Praet married John Praet in 1981 and lived in Helen. Seven years later, he died.

“I’m a high risk for marriage; a black widow — I wouldn’t try it again,” Praet said.

She retired from hospital work that same year. About a decade later, Praet moved into the finished basement David and his wife, Dianne, built for her.

Serving animals and helping others

Since her retirement, Praet has continued serving people and animals.

For several years, she volunteered at the Humane Society of Northeast Georgia. The work also led Praet to adopting a cat.

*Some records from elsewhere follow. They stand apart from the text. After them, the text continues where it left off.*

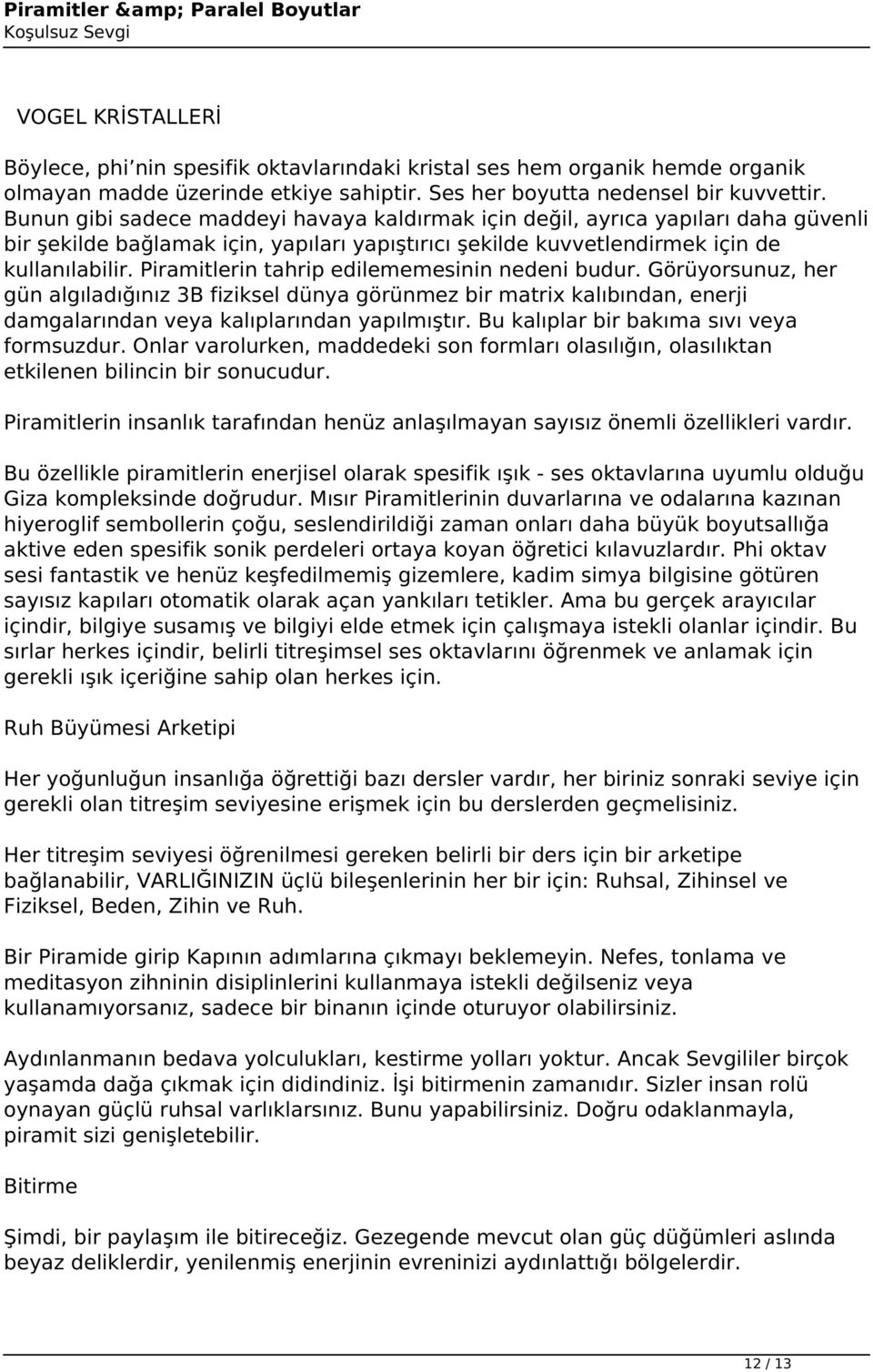 Piramitlerin tahrip edilememesinin nedeni budur. Görüyorsunuz, her gün algıladığınız 3B fiziksel dünya görünmez bir matrix kalıbından, enerji damgalarından veya kalıplarından yapılmıştır.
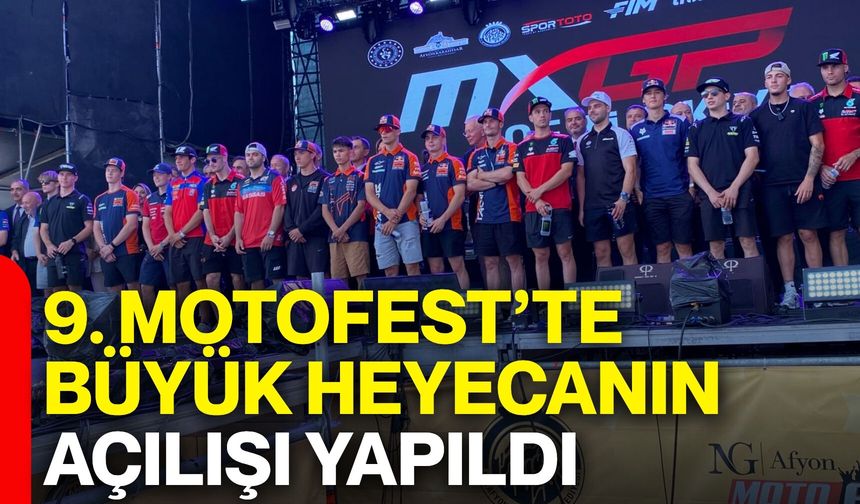 9. Motofest’te büyük heyecanın açılışı yapıldı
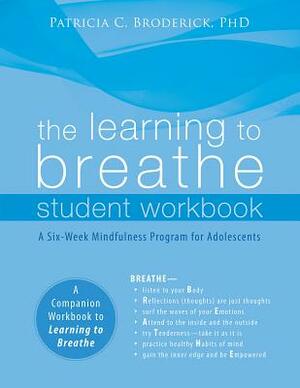The Learning to Breathe Student Workbook: A Six-Week Mindfulness Program for Adolescents by Patricia C. Broderick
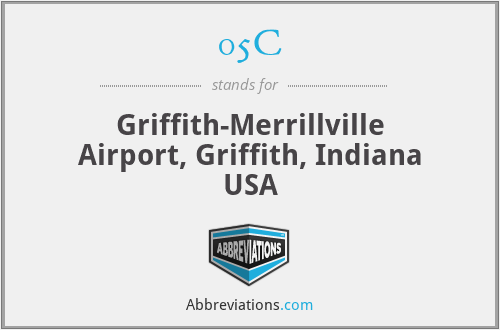 05C - Griffith-Merrillville Airport, Griffith, Indiana USA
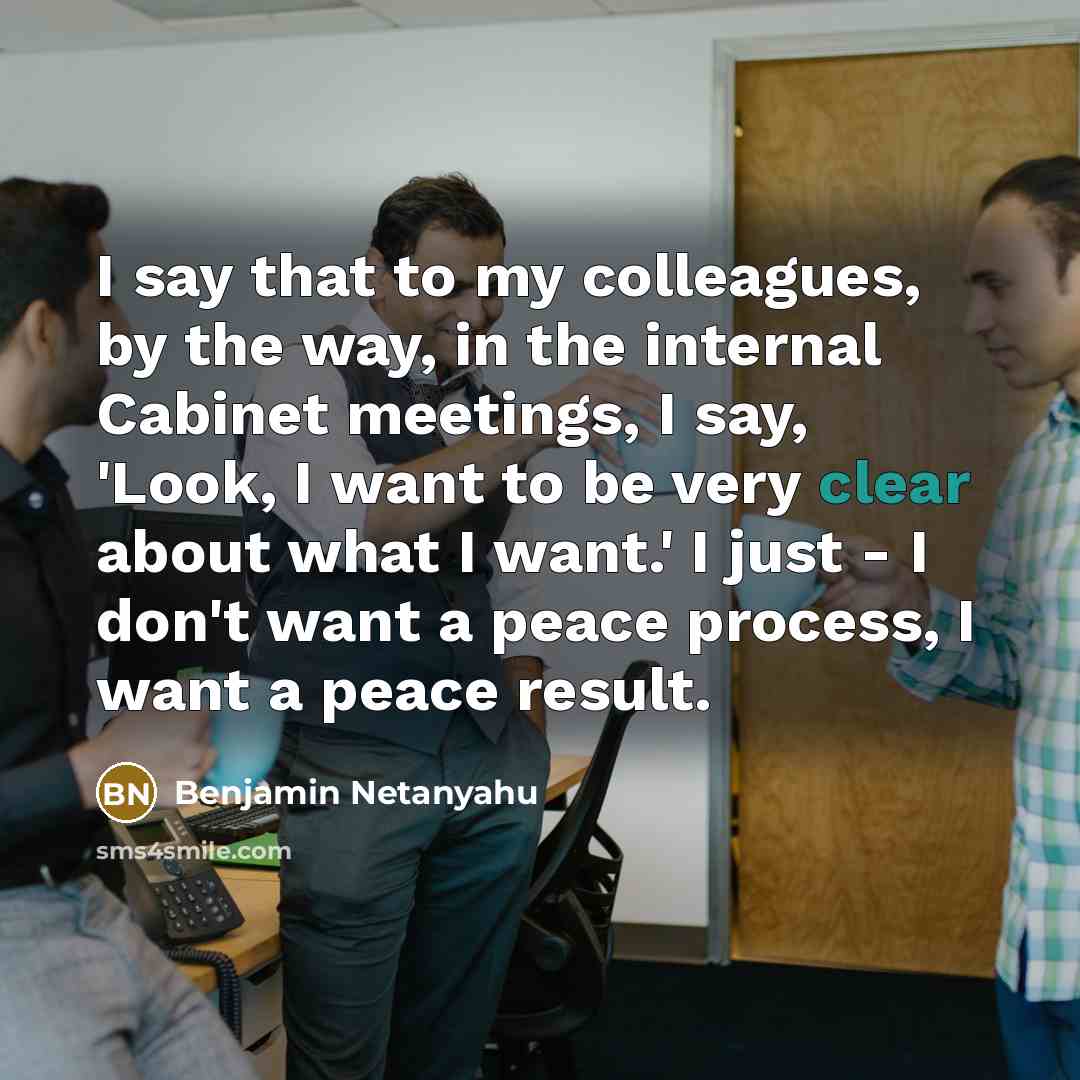 “I say that to my colleagues, by the way, in…” quote by Benjamin Netanyahu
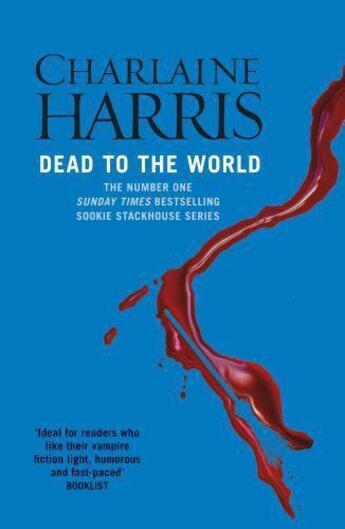 Couverture du livre « Dead To The World » de Charlaine Harris aux éditions Orion Digital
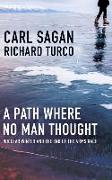 A Path Where No Man Thought: Nuclear Winter and the End of the Arms Race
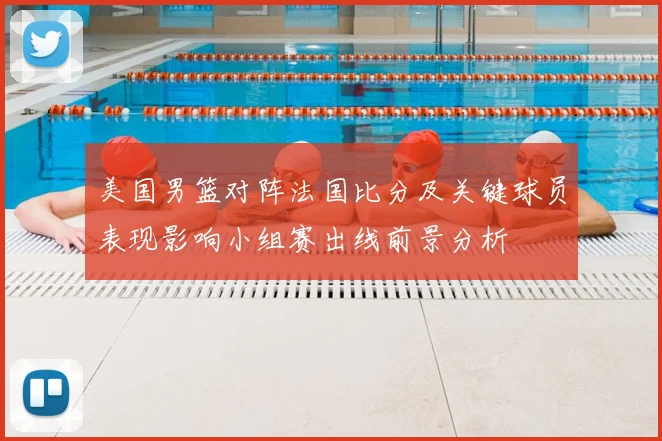 美国男篮对阵法国比分及关键球员表现影响小组赛出线前景分析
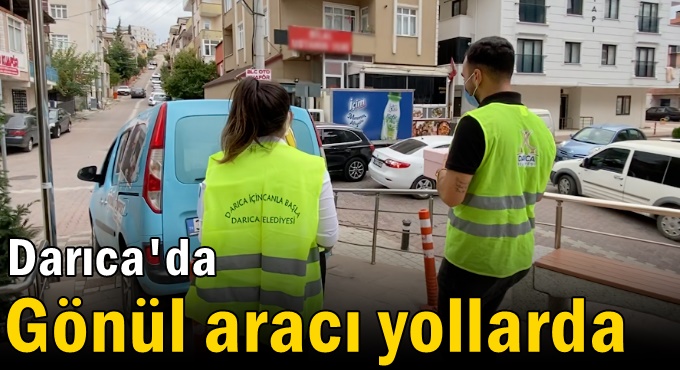 Darıca Belediyesi ''Gönül aracı'' ile gönüllere dokunuyor
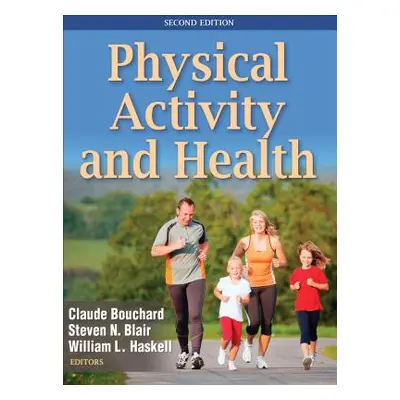 "Physical Activity and Health" - "" ("Bouchard Claude")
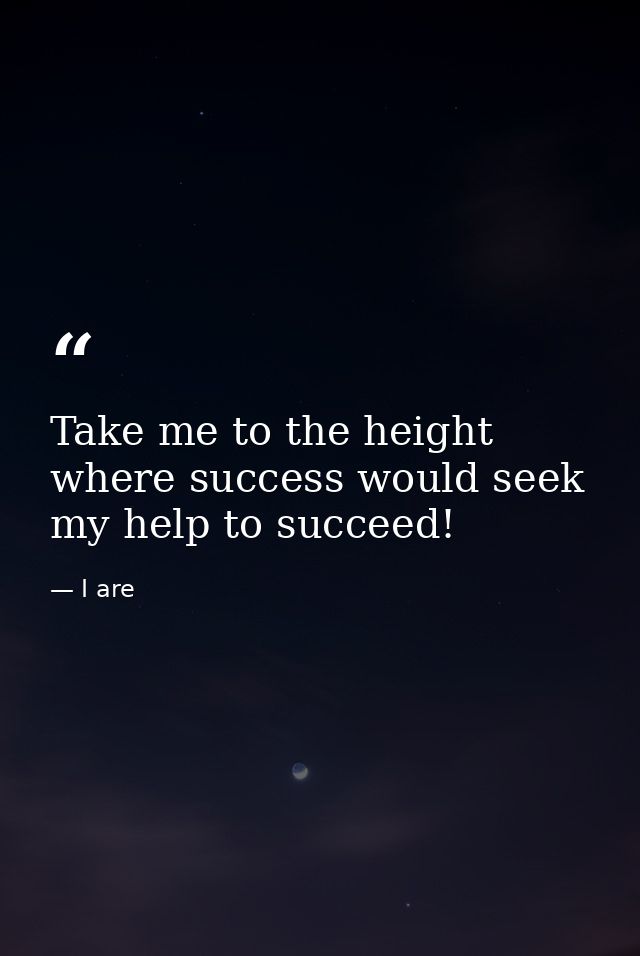 Take me to the height where success would seek my help to succeed! — I are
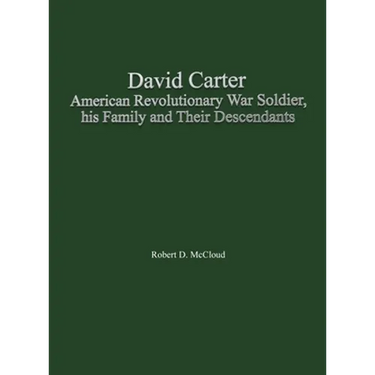 David Carter American Revolutionary War Soldier, his Family and Their Descendants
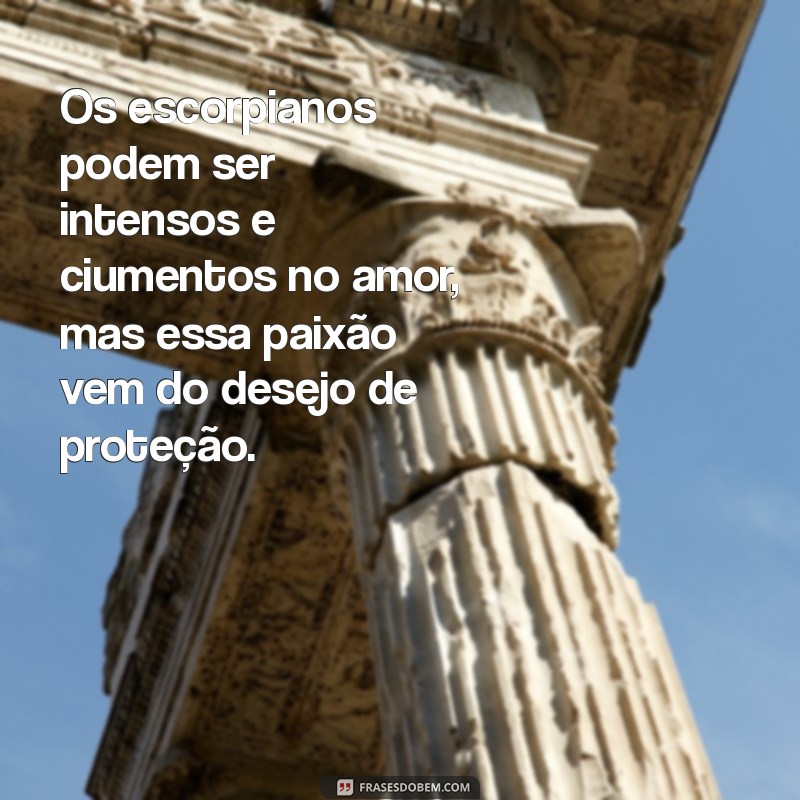 Descubra Como o Signo Escorpião Se Comporta no Amor: Características e Dicas 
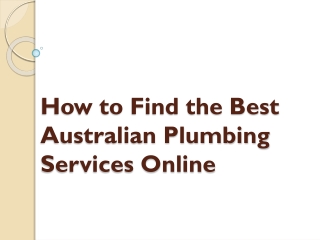 How to Find the Best Australian Plumbing Services Online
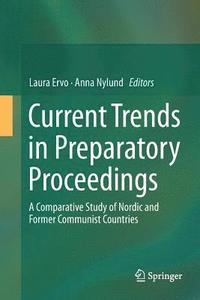 bokomslag Current Trends in Preparatory Proceedings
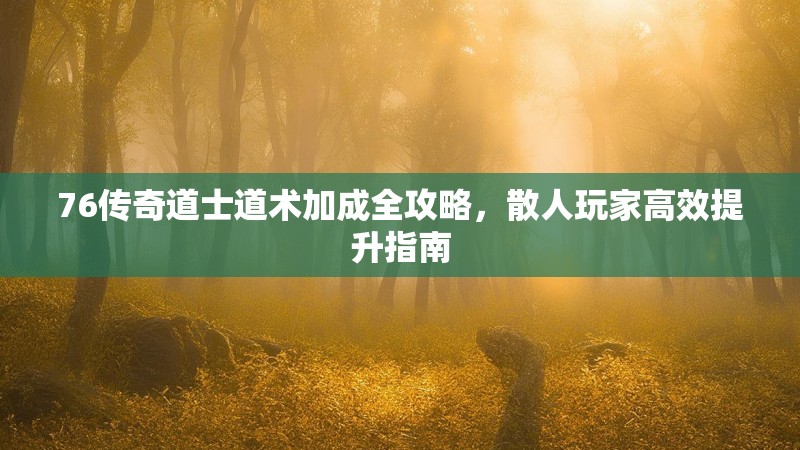 76传奇道士道术加成全攻略，散人玩家高效提升指南
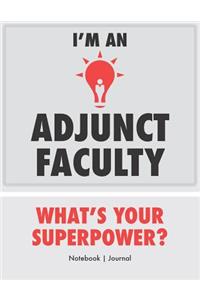 I'm An Adjunct Faculty - What's Your Superpower? - Notebook Journal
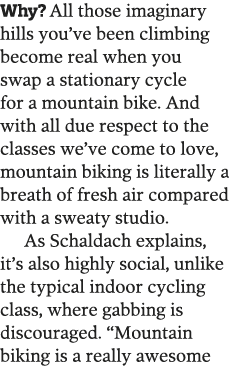 Why  All those imaginary hills you ve been climbing become real when you swap a stationary cycle for a mountain bike    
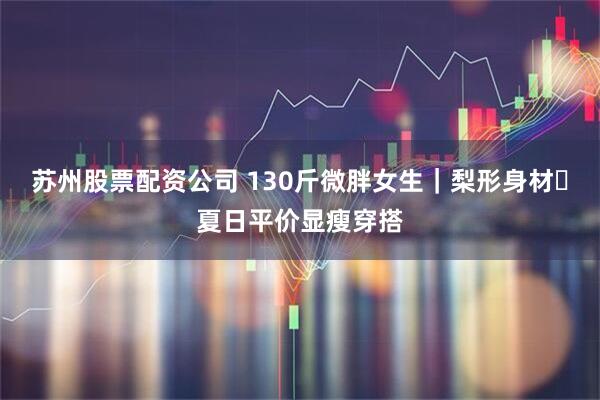 苏州股票配资公司 130斤微胖女生｜梨形身材✨夏日平价显瘦穿搭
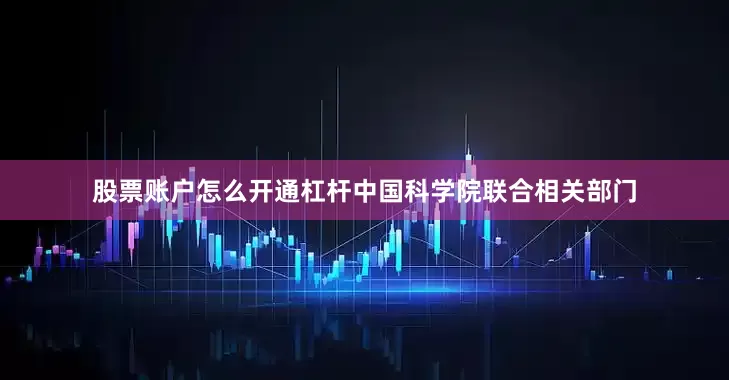 股票账户怎么开通杠杆中国科学院联合相关部门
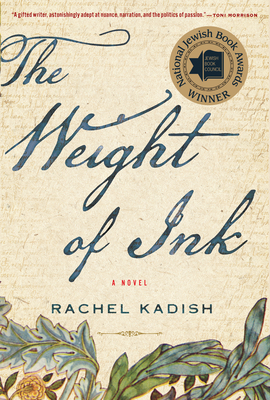 The Weight of Ink - Rachel Kadish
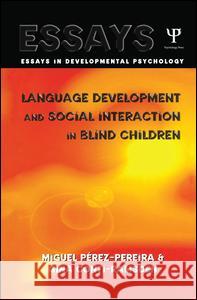 Language Development and Social Interaction in Blind Children Miguel Perez-Pereira Gina Conti-Ramsden 9781138883079 Psychology Press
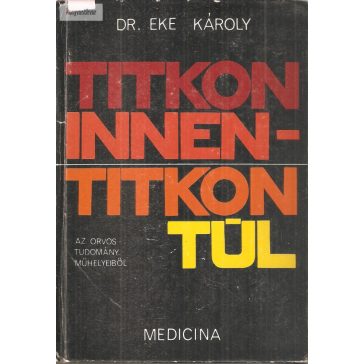 Eke Károly: Titkon innen - titkon túl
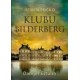 Istinita priča o klubu Bilderberg
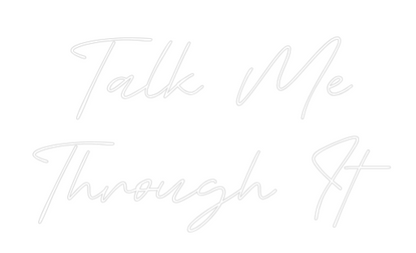 Custom Neon Sign: Talk Me 
Thr...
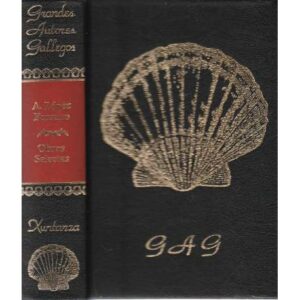 Grandes autores gallegos. A. López Ferreiro. Obras selectas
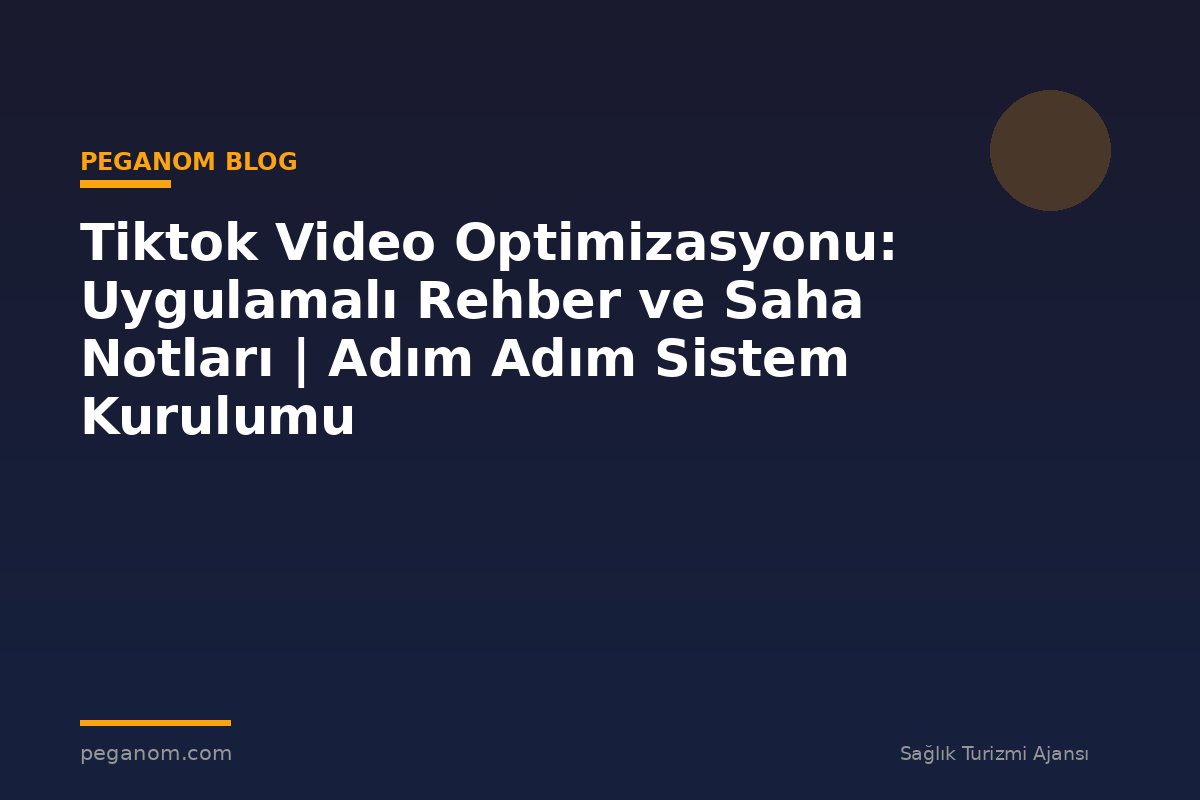 Tiktok Video Optimizasyonu: Uygulamalı Rehber ve Saha Notları | Adım Adım Sistem Kurulumu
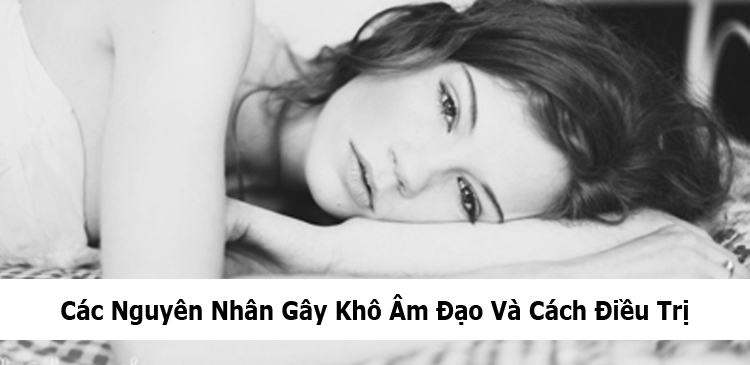 Các Nguyên Nhân Khô Âm Đạo Và Cách Điều Trị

“The people there thought I needed a pet,” she said. “I fostered her. Big mistake — if you ever foster an animal, you’re going to get it.”

She now has a cat named Mys Kitti that accompanies her throughout her days.

Praet currently works at Hopewell Baptist Church where her daughter-in-law is the office manager and son is the head of maintenance. She teaches Sunday school and is one of the primary teachers of the citizenship classes. She helps people from Mexico, Ecuador and other places.

“I love the people,” she said. “They are grateful. They’re humble. They’re polite. They’re interesting. I love everything about them.”

But Praet doesn’t want the praise.

“I want to give God all the glory,” she said.